しかし、爆発はしなかった。破片も飛ばなかった。理由は単純。ピンを抜いていないからである。
そして、その爆弾を氷狩は悠々と拾いに行く。
「馬鹿だな。攻撃手段が乏しいのに、こんなところでこれを消化するわけねェだろう」
氷狩は嫌味ったらしい笑みを浮かべる。
「……支配者気取りできるのも、今のうちだよ」
「ああ、そうかい。そりゃあ良いこと教えてもらったよ」
(さて、どう出る? テレポーターだったら、体内にモノ打ち込めるかもしれねェ。ただ、それやるには相応の時間が必要なはず。となれば……)

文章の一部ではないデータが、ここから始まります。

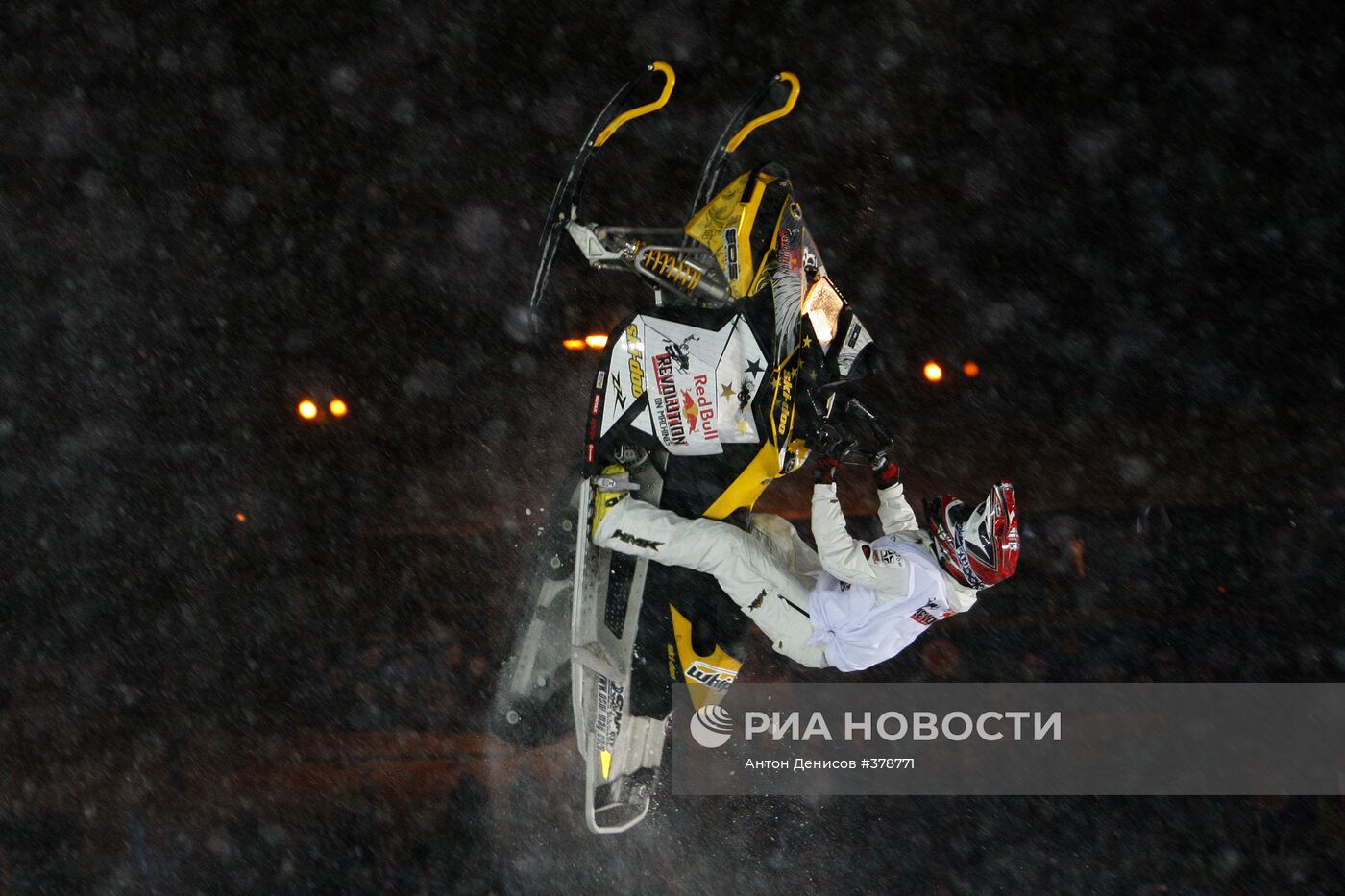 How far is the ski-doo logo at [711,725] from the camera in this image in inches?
208

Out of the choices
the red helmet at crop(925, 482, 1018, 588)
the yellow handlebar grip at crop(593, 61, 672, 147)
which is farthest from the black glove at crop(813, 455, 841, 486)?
the yellow handlebar grip at crop(593, 61, 672, 147)

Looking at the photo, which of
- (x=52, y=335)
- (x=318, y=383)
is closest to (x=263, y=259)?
(x=318, y=383)

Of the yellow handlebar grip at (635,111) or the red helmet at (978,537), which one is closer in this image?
the red helmet at (978,537)

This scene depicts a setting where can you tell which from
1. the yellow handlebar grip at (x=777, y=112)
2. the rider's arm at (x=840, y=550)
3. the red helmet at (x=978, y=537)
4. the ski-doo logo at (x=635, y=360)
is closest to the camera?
the red helmet at (x=978, y=537)

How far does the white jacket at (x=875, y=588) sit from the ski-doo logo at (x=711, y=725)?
2.44 feet

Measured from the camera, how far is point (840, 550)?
4430 mm

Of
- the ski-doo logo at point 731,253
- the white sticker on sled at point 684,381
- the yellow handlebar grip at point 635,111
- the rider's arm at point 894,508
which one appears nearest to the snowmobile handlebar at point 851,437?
the rider's arm at point 894,508

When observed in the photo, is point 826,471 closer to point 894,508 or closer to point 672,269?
point 894,508

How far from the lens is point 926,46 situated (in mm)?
7910

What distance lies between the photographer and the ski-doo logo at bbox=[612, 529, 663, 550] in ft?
15.1

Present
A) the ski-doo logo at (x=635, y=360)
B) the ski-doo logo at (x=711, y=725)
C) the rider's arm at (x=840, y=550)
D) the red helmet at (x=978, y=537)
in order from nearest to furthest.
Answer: the red helmet at (x=978, y=537)
the rider's arm at (x=840, y=550)
the ski-doo logo at (x=635, y=360)
the ski-doo logo at (x=711, y=725)

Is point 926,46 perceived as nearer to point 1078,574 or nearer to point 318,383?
point 1078,574

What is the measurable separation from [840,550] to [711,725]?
1.45 m

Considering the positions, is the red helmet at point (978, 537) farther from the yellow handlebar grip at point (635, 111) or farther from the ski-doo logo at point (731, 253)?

氷狩は冷静だった。鉄の感情をまとっているかのように。
まず、シックス・センスには現状、まともな攻撃手段がない。相手の攻撃を流すか、それともカウンターをくらわすか。それ以外にできることはない。
対して、相手はテレポーターらしき女。銃器を取り出さないあたりにも、自信が溢れ出ている。この距離なら、拳銃でも使って撃ち抜いてしまったほうが早いはずなのに、それをしない。つまり、相当高位な能力者なのは間違いない。
「頭を蹴るわけか!!」
氷狩はその言葉とともに、かがんだ。確かに、サッカーボールのように頭を蹴ってしまえば、ましてやテレポートで加速していけば、女性の脚力でも脳震盪くらいは起こせる。更に、加速しているということは、そう簡単に足を引っ張ってはたき落とすこともできない。だから、この場での最善手はかがむことだったのだ。
またもや黒髪ロングヘアの女は姿を消した。シックス・センスでの意思の送受信をくらった者たちが、いつ起き上がるか分からない以上、時間は無駄にできない。なにか、即座に手立てを考えなければならない。